In linea di massima, il body horror si configura come racconto della dissoluzione e riconfigurazione del corpo attraverso la manifestazione esplicita dei processi trasformativi interni ed esterni che agiscono su di esso. I film di questo genere sono solitamente difficili da guardare e inducono spesso un senso di repulsione da parte dello spettatore a causa delle immagini estreme che li caratterizzano.
A differenza del film horror classico dunque, il body horror é il genere in cui la paura scaturisce dalla sconvolgente esperienza dell’anomalia e deformazione del corpo. La difficoltà dello sguardo è legata al fatto che, essendo il dolore fisico un’esperienza universale, lo spettatore avverte le raccapriccianti sequenze che guarda come qualcosa che istintivamente lo riguarda.

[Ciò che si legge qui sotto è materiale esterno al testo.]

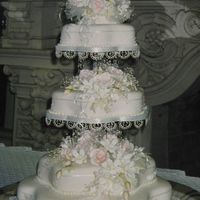 Victorian Wedding Cake served 150 people. It was designed to match the brides dress.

The substance, sebbene meno crudo del già citato Titane, non fa eccezione in questo senso. Per quanto sia abbastanza insolito per il codice di genere assistere a una mitosi corporea, si può affermare che la lotta tra Elisabeth e Sue sia a tutti gli effetti una lotta tra corpi a colpi di iniezioni e trasfusioni che si gioca unicamente nella dimensione carnale.
E The substance é in un ultima analisi una lotta per il corpo.
Corpo normativo in The substance
La grande intuizione narrativa di The substance è stata sicuramente quella di istituire un rapporto di contrappasso tra i corpi di Elisabeth e Sue. Infatti, ogni volta in cui quest’ultima viola i turni di alternanza tra lei e la matrice per godersi più tempo in un mondo che la adora, Elisabeth subisce un orripilante invecchiamento.
Attraverso questo stratagemma, il film di Fargeat traduce in termini visivi la conflittualità contemporanea tra corpo normativo e corpo mostruoso che rappresenta uno dei capisaldi del body horror: la giovane e bellissima Sue da un lato ed Elisabeth dall’altro.
È proprio grazie alla disintegrazione del corpo normativo che il body horror si presta perfettamente a ribaltare paradigmi condivisi in termini mostruosi.
Lo stratagemma del corpo doppio permette, dunque, di mettere in scena la dissipazione del corpo non più normativo di Elisabeth fino alla sua degenerazione mostruosa. In questo senso lo spettatore assiste alla sua progressiva dissipazione ad opera della personificazione stessa della desiderabile Sue, nuovo corpo normativo, che la sostituisce e prosciuga.
Rispetto alla contaminazione tipica di questo genere cinematografico, The substance sceglie la via della scissione del corpo per rendere visivamente il rifiuto del corpo deviante (prima perché vecchio e poi perché mostruoso). Questa scelta è giustificata dalla volontà di raccontare un conflitto che deve essere inquadrata in un orizzonte consumistico nel quale il valore della protagonista è determinato dalla sua attrattiva commerciale.
The substance e i corpi-prodotto
È importante tenere presente che sia Elisabeth che Sue non sono corpi qualunque, ma piuttosto corpi-prodotto: la ragione che getta la prima in pasto alla sostanza è la perdita del suo programma di aerobica. Elisabeth è essenzialmente un corpo che non vende più.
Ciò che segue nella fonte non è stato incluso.